TASK PROMPT =
Locate each line of the material that contains "Azul", then return it.

ENTRIES SHOWN =

☆ ☆ ☆

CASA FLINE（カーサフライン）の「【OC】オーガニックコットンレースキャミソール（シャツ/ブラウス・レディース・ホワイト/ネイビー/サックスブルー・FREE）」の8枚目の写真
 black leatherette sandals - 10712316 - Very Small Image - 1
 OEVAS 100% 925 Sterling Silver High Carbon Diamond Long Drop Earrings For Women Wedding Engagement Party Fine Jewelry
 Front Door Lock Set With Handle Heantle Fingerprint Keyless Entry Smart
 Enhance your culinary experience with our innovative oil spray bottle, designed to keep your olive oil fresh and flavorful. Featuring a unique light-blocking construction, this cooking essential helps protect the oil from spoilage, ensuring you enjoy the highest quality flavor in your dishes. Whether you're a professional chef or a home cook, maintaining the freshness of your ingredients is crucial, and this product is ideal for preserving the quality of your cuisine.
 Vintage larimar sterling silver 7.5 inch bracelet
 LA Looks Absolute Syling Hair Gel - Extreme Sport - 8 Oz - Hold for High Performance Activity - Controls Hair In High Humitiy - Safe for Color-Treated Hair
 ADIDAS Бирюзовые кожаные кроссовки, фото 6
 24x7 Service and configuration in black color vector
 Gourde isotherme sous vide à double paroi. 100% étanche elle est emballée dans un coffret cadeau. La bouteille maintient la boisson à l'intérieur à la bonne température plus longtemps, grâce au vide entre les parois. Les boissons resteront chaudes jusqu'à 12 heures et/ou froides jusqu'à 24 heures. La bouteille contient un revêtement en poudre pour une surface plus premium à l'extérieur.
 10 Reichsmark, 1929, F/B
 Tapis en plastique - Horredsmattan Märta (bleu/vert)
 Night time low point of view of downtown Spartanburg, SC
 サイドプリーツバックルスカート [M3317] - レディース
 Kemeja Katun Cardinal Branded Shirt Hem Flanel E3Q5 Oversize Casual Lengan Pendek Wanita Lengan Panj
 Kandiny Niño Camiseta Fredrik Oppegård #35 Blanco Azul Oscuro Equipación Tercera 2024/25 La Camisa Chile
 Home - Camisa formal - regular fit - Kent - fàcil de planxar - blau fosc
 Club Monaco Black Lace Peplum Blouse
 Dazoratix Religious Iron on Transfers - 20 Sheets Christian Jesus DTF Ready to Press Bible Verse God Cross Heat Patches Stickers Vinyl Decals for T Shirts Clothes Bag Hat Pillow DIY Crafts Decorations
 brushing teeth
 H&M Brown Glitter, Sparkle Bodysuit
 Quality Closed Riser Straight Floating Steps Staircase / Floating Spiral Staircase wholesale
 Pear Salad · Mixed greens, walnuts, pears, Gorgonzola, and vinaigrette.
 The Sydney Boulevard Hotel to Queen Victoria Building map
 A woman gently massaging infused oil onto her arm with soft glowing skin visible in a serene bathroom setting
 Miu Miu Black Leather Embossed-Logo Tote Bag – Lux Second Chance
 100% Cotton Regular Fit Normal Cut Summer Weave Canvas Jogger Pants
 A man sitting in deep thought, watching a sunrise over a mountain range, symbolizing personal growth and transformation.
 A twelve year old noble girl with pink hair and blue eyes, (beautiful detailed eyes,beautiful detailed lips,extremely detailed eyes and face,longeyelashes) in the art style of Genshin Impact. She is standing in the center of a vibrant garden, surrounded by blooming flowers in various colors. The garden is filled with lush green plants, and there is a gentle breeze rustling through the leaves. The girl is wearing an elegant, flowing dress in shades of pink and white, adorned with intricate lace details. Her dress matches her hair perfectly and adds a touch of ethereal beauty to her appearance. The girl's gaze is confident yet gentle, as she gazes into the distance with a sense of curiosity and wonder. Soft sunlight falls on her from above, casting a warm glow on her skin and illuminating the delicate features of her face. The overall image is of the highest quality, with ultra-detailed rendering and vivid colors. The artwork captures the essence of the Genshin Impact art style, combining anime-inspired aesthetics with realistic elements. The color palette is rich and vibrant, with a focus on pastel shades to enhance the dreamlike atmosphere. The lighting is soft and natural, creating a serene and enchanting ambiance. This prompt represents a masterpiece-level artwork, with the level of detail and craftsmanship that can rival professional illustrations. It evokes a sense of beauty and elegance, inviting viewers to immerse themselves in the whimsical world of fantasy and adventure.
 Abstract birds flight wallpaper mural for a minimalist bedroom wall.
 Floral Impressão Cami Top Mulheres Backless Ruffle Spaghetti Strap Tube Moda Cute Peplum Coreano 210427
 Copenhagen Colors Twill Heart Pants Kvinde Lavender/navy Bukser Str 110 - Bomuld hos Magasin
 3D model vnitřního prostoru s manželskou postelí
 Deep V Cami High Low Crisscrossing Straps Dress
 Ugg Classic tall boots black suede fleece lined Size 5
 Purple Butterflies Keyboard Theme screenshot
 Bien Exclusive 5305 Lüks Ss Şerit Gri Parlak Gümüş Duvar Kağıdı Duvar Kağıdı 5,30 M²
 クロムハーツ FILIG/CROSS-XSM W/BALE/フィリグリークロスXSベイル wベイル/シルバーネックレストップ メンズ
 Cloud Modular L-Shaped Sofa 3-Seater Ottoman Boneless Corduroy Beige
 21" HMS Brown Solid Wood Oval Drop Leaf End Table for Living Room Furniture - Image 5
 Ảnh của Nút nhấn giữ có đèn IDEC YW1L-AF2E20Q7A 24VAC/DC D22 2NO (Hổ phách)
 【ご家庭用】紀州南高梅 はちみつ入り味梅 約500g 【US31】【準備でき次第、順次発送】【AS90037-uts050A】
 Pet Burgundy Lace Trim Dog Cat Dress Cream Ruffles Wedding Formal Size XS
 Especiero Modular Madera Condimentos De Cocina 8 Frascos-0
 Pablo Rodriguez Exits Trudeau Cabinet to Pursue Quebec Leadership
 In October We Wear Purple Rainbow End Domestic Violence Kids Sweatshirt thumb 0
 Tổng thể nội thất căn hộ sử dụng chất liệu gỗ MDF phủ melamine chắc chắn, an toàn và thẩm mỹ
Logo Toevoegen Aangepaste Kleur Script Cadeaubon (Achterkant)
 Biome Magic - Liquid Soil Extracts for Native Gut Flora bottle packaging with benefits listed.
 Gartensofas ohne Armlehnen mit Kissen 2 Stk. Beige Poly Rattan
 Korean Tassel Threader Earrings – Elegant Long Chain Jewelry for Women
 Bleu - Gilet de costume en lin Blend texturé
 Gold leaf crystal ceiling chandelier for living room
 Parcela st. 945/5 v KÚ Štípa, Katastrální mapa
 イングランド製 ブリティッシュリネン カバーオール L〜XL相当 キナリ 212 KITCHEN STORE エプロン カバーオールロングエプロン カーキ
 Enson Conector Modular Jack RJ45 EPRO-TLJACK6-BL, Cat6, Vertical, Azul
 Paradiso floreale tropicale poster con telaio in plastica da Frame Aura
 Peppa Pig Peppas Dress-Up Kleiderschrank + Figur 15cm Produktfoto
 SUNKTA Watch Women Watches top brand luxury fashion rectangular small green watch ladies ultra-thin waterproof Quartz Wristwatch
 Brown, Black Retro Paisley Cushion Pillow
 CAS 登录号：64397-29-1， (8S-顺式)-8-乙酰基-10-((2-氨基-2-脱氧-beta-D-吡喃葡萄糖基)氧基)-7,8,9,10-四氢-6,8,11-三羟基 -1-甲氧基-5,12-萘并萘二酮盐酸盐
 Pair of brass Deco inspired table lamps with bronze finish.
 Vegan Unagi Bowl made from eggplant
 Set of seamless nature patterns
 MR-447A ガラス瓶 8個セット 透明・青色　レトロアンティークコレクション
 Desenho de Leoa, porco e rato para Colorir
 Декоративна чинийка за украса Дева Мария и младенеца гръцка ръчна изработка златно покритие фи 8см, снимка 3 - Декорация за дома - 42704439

☆ ☆ ☆

WORKED SOLUTION =
 Kandiny Niño Camiseta Fredrik Oppegård #35 Blanco Azul Oscuro Equipación Tercera 2024/25 La Camisa Chile
 Enson Conector Modular Jack RJ45 EPRO-TLJACK6-BL, Cat6, Vertical, Azul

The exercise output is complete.